__Input__.
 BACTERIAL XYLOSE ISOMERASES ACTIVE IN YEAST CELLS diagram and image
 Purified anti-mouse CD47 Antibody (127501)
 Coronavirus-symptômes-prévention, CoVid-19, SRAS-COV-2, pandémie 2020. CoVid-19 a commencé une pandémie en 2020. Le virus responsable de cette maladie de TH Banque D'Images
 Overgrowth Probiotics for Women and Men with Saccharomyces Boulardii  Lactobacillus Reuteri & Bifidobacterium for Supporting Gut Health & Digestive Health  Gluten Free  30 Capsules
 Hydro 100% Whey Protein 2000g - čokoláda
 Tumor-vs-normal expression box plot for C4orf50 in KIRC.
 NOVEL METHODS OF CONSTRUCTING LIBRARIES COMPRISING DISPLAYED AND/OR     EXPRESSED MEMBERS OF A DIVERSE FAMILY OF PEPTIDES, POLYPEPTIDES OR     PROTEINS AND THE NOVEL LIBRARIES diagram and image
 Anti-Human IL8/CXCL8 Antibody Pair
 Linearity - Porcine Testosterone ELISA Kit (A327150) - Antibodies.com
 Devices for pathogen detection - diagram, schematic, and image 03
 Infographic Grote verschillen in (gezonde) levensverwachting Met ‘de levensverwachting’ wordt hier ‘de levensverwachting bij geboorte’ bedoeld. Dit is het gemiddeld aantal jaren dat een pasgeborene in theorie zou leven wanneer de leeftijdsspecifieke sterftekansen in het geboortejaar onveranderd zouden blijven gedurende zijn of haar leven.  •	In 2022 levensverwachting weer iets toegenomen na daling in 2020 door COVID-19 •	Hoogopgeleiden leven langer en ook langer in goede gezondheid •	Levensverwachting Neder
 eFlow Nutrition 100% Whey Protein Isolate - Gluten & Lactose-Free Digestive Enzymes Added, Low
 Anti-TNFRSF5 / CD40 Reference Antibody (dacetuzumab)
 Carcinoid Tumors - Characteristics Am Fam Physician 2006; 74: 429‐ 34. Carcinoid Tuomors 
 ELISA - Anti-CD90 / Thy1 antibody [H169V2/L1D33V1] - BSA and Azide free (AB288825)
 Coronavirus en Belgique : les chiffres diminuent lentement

__About this exercise__.
Go through the listing above and find each line that contains "diagram", then copy it.

__Answer area__.
 BACTERIAL XYLOSE ISOMERASES ACTIVE IN YEAST CELLS diagram and image
 NOVEL METHODS OF CONSTRUCTING LIBRARIES COMPRISING DISPLAYED AND/OR     EXPRESSED MEMBERS OF A DIVERSE FAMILY OF PEPTIDES, POLYPEPTIDES OR     PROTEINS AND THE NOVEL LIBRARIES diagram and image
 Devices for pathogen detection - diagram, schematic, and image 03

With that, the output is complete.